In [None]:
import matplotlib.pyplot as plt

import pandas as pd
from scipy.stats import sem as scipy_standard_error

from common import make_cdf, percentile_rank, load_forest_fires

%matplotlib inline

#  Estimation

See Chapter 8 of [Think Stats 2nd Edition](https://greenteapress.com/wp/think-stats-2e/), Chapter 2 of [Practical Statistics for Data Scientists](https://www.oreilly.com/library/view/practical-statistics-for/9781491952955/).

## What do we want to estimate?

[Estimator - Wikipedia](https://en.wikipedia.org/wiki/Estimator)

We want to estimate statistics.  Why?  Statistics allow us to measure, model and compare.

A statistic is a summary of the data
- mean
- min
- max
- variance

## How can we estimate?

By sampling!
- we will never have the entire population

An (insufficient) definition of statistics = making inference from samples to populations

We often make use of statistics drawn from samples
- these statistics will be different than the statistics of the entire population

The distribution of a given statistic is known as a **sampling distribution** - more on that later.  

## Three sources of error in estimation

How can we make mistakes in estimating statistics?

**Sampling bias**
- samples having different probabilities than others
- non-random sampling

**Sampling error**
- arises from using statistics of a subset of a larger population 
- usually impossible to measure exactly

**Measurement error**
- difference between measurement & true value

## Let's talk about bias

The effect of sample bias is simple = our sample will be different from the population.

The causes of sample bias are more complex - because there are so many!  
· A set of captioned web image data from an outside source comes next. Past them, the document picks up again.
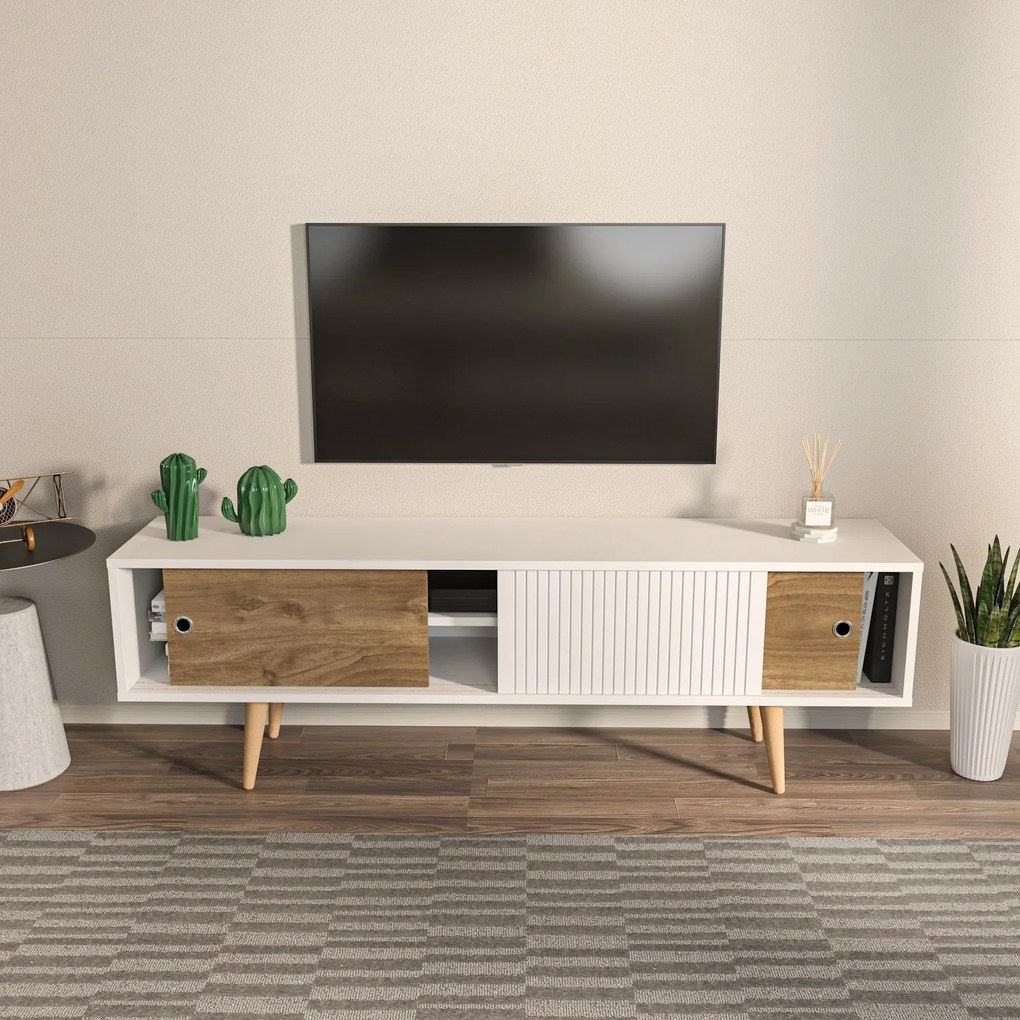 Móvel TV Ecrin – Branco e Nogueira – 160 cm x 45 cm x 34,5 cm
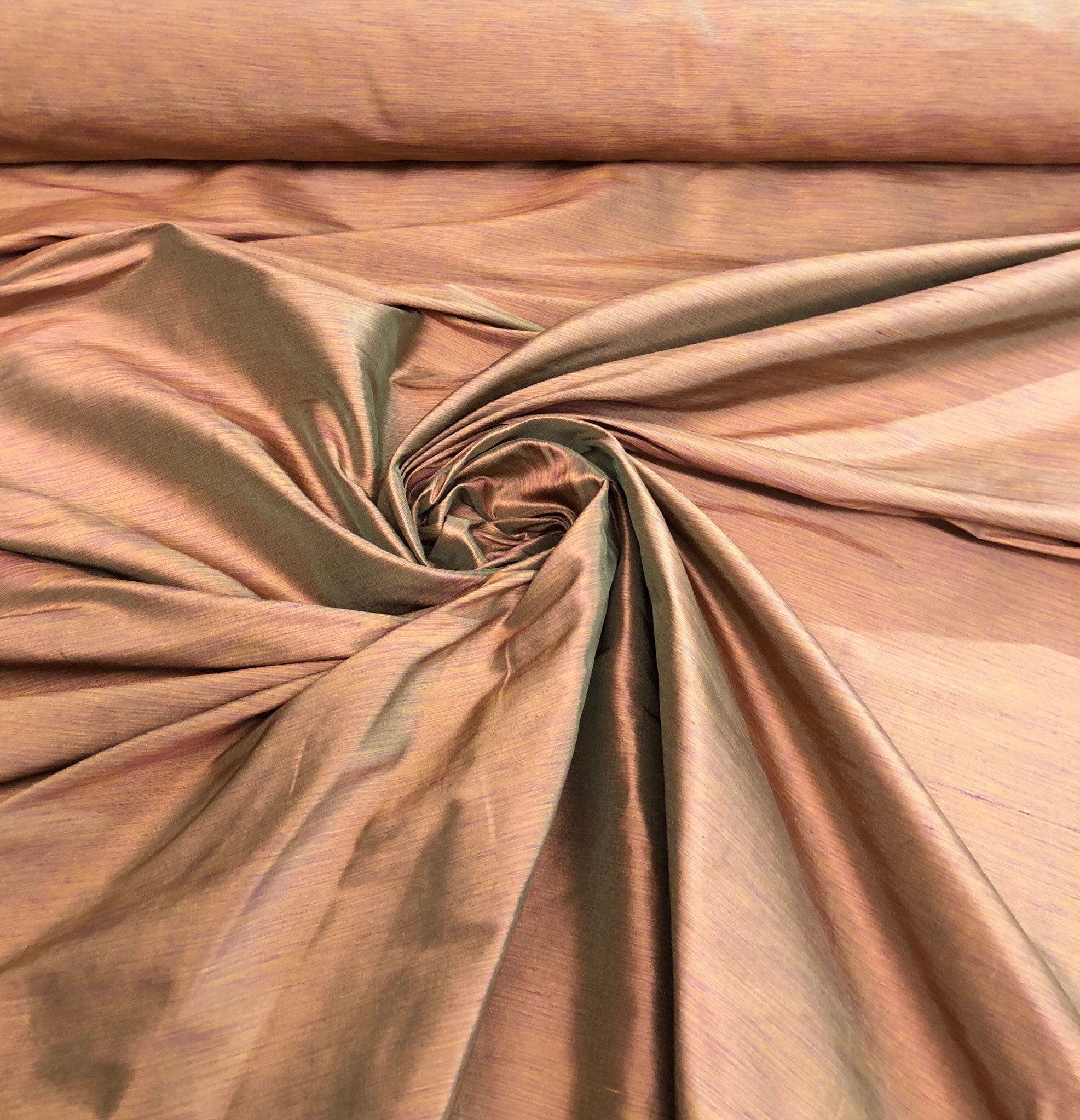 Silk shantung pinstripe 54 wide Beautiful coral brick with greenish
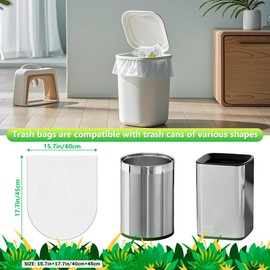 Expspru Small Trash Bags 1.2 Gallon / 5L Biodegradable Trash Bags Compost Bags Strong Garbage Bags for Bathroom, Office, Bedroom, Kitchen - White,120 Count, Durable & Leak-Proof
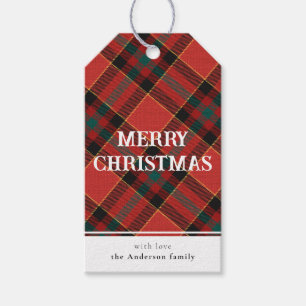 Etiqueta Para Presente Mínimo Vermelho e Xadrez Verde Feliz Natal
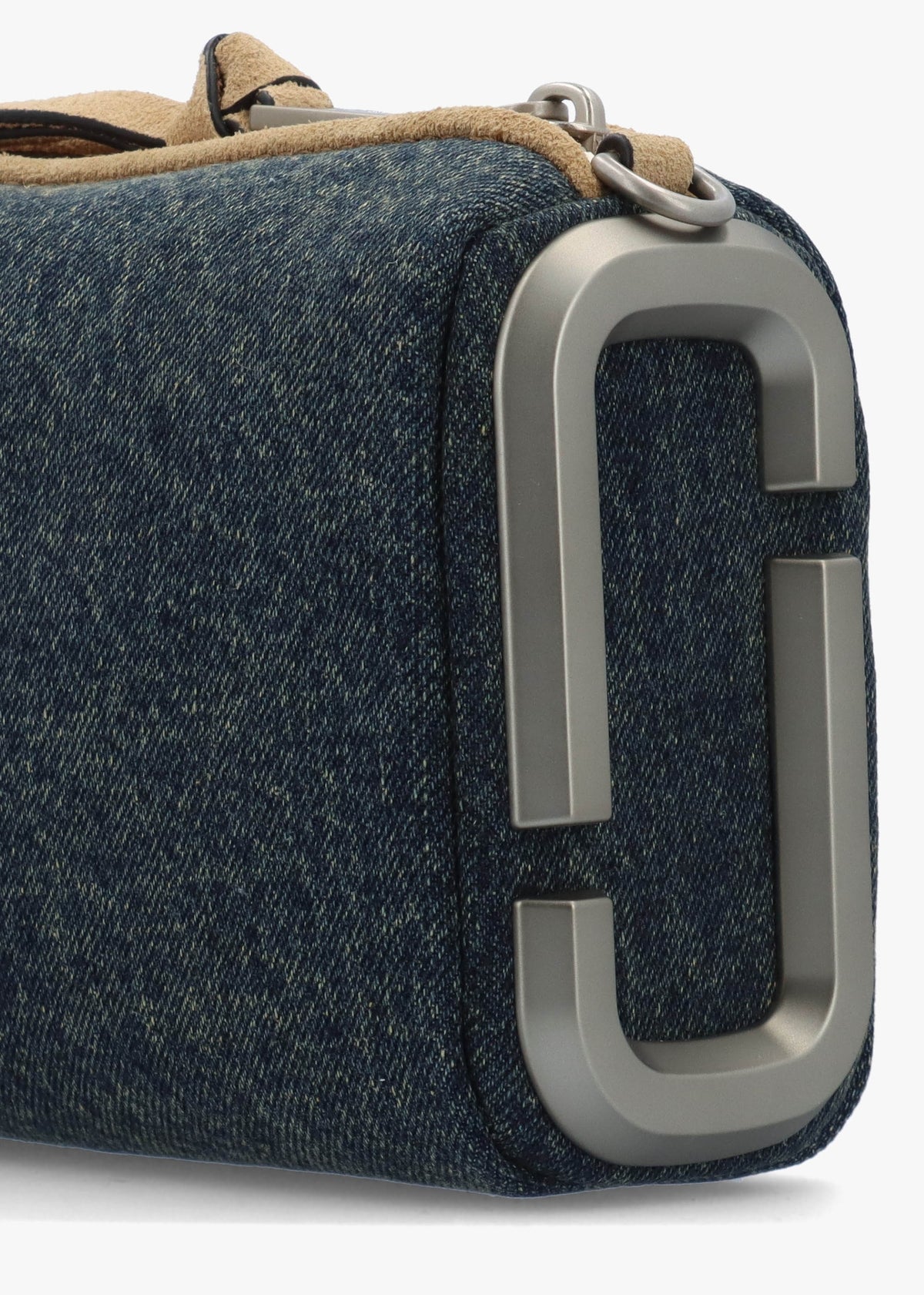 The Denim Suede Snapshot Dark Wash Indigo Shoulder Bag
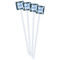 Blue Argyle White Plastic Stir Stick - Double Sided - Square - Front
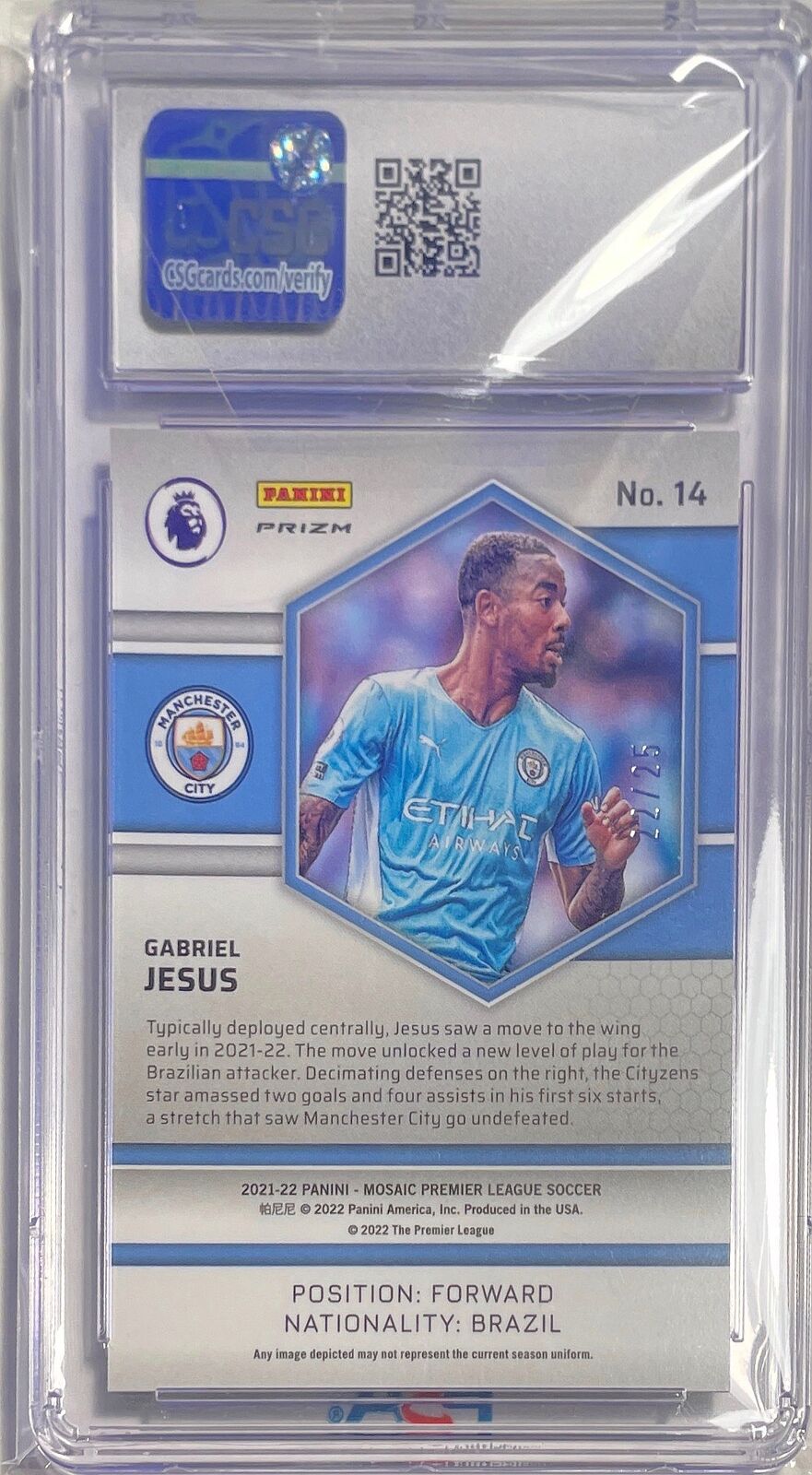 GABRIEL JESUS 2021-22 PANINI MOSAIC EPL PINK PRIZM #D 22/25 CSG 9 MINT POP 1/1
We can eaisly demonstrate one cause of sample bias:

In [None]:
population = np.random.normal(10, 3, 100000)

biased = [x for x in population if x > 11]

'population mean {:.2f} - biased sample mean {:.2f}'.format(np.mean(population), np.mean(biased))

Note that if our sampling error is random, we don't see the bias:

In [None]:
data = []
for x in population:
    if np.random.uniform() > 0.5:
        data.append(x)
    else:
        pass

'{:.2f}'.format(np.mean(data))

Bias is **systematic error**.

One form of bias a data scientist needs to be aware of is **selection bias**.  There are many reasons why this can happen:
- vast search = asking many different questions / training many different models
- non-random sampling (aka sampling bias)
- cherry picking data
- stopping an experiment based on the result
- after the fact selection of results

Many of the mistakes above are caused directly by the data scientist :) 

A particular case of selection bias is **regression to the mean**
- select a high performing athlete based on performance that is somewhat due to luck
- later on the luck disapears!

## Sampling error

Above we talked about sampling bias - now lets talk about **sampling error**
- sampling error

We can can estimate the sampling error through simulation
- we don't know the true statistics
- lets instead use estimates from our small number of samples

The question we are asking is
- if the true stats were the same as the population stats
- and we ran this experiment many times
- how much would our estimated mean vary

## Statistic sampling distributions

The distribution of a statistic is known as a **sampling distribution**
- is not the data distribution!

The question we are asking is - how do statistics vary with sampling?
- we want to know how variable our statistics are - their **sampling variability**

The **sampling distribution** of a statistic shows us how a sample statistic varies

## Estimating the sampling distribution using computation

There is an entire literature in traditional statistics that **developed under constraints of data & computation**.  Normal approximation methods such as t-distributions rely on the Central Limit Theorem to calculate sampling distributions.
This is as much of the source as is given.